Gaby welcomed me onboard his boat. This famous diver is nicknamed ‘the tadpole’, but although small in stature, his personality is huge; you can literally feel the hot-blooded energy bubbling up in him. He has seen it all… A gold chain with a diving helmet pendent peaked out from beneath his striped shirt. I know he carries a Taser on him at all times, apparently it is ‘safer at his age’. He has taken two bullets in his time from a Magnum .357 that left him disabled. His newly released book Pirates reveals the full story…

“So young man, you are interested in pirates…? What is it that you want to know…?”

My first question had barely escaped my lips before Gaby began pounding me with a barrage of information. What a storyteller! He is talkative and passionate about his subject; I had to hang on to make sense of the mix of local dialect and hand gestures. “Listen to me, I’ll tell you about pirates,” he said. And tell me he did!

“Yes, I am a pirate. So? I am a retired pirate, unashamed and unrepentant. I have no regrets. In those days, I was hungry and the amphorae that we raised from the seafloor at our own risk, fed my family and I. It was no issue to raise an amphora neck or even a whole amphora back then, but get caught today and boy, there are consequences. And yet, there are literally thousands of amphorae in the Bay of Marseille where up to fifty wrecks are lying on the bottom and that is just between here and Marseilleveyre, a headland south of Marseille city.

In my day, piracy was in its infancy. The word didn’t even exist back then around here, nobody cared about the ‘jugs’. Every old fisherman on the water had a ‘Dolia’ on board, an ancient Roman terracotta water jug; we used to keep the water for our Pastis cold in them while we were out fishing!

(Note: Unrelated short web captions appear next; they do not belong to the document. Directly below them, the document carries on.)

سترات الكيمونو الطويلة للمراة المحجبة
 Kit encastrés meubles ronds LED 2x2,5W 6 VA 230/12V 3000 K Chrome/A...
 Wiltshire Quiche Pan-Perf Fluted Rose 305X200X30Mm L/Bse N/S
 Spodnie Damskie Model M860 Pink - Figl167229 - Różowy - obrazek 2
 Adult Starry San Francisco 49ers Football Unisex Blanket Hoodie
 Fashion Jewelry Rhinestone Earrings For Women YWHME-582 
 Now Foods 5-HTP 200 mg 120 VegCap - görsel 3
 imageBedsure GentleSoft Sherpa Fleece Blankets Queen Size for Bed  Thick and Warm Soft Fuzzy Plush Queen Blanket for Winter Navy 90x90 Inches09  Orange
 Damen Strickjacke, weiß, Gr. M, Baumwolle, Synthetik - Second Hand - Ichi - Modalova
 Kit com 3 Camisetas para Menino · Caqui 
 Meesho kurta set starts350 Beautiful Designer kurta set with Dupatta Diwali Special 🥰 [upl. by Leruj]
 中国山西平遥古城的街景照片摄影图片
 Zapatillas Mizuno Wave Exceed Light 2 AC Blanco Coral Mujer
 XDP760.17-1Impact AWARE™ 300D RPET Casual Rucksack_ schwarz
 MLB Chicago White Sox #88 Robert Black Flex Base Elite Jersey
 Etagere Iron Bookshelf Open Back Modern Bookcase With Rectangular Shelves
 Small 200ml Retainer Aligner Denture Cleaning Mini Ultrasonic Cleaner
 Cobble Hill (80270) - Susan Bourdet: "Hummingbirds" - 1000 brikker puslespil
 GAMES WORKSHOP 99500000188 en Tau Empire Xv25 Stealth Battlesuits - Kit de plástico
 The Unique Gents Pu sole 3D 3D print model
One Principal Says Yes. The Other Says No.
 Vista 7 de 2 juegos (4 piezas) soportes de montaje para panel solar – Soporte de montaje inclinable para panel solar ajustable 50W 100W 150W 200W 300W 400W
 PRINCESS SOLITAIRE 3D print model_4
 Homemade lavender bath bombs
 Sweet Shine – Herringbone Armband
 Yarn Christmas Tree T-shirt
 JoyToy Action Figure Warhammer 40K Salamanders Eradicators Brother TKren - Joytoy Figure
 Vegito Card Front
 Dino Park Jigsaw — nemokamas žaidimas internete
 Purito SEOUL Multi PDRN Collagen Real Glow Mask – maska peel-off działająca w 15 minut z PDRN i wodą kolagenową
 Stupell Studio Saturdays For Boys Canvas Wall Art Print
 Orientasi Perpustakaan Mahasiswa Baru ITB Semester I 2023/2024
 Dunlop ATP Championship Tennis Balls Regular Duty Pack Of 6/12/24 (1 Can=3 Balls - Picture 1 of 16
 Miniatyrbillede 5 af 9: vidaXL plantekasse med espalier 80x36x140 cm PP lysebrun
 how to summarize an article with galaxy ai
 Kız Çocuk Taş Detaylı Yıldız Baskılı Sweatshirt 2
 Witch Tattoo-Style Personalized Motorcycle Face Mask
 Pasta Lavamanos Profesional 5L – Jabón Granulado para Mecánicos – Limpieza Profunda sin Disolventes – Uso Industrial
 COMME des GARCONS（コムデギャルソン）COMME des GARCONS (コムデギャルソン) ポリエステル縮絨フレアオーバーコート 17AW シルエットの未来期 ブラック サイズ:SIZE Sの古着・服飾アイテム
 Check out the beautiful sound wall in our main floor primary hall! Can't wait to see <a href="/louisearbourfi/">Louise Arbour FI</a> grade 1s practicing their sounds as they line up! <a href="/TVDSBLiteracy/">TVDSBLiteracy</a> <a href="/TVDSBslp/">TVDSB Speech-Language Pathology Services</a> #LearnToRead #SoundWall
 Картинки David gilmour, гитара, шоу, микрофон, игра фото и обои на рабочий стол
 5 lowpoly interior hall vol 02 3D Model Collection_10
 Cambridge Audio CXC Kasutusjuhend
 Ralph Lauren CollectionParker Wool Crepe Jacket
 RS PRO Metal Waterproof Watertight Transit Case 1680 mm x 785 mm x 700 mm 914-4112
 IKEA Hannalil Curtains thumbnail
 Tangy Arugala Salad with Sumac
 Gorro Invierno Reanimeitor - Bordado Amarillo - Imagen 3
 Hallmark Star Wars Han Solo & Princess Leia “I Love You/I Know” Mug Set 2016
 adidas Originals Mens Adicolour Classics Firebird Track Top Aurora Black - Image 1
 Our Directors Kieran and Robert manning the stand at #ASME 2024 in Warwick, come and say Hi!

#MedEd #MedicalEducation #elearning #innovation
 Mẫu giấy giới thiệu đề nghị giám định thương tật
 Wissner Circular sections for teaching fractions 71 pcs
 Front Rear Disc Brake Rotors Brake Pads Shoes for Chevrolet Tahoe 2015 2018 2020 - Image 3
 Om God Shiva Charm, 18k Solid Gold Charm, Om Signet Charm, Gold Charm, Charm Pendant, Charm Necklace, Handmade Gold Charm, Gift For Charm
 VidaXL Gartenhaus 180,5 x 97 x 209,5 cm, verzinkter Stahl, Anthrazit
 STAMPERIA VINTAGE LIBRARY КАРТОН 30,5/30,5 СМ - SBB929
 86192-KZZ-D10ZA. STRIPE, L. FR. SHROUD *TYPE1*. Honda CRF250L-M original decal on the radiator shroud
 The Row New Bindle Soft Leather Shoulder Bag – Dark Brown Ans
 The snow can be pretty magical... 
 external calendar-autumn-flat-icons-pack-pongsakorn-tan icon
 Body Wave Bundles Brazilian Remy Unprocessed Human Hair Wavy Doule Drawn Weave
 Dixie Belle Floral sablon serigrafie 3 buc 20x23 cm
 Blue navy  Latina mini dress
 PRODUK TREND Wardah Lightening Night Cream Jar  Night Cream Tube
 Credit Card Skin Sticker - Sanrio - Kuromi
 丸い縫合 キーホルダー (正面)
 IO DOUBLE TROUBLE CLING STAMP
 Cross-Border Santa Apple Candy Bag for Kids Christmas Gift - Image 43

So yes, I did raise lots and lots of amphorae, despite the customs, police and maritime authorities. We didn’t take much notice of the rules back then, when we had a client asking for a ‘jar’ we simply went and got it. Opinion today may well judge us to have been a bit casual and lacking in respect of our ancient heritage, but for goodness sake, as god is our witness, we discovered those wrecks!”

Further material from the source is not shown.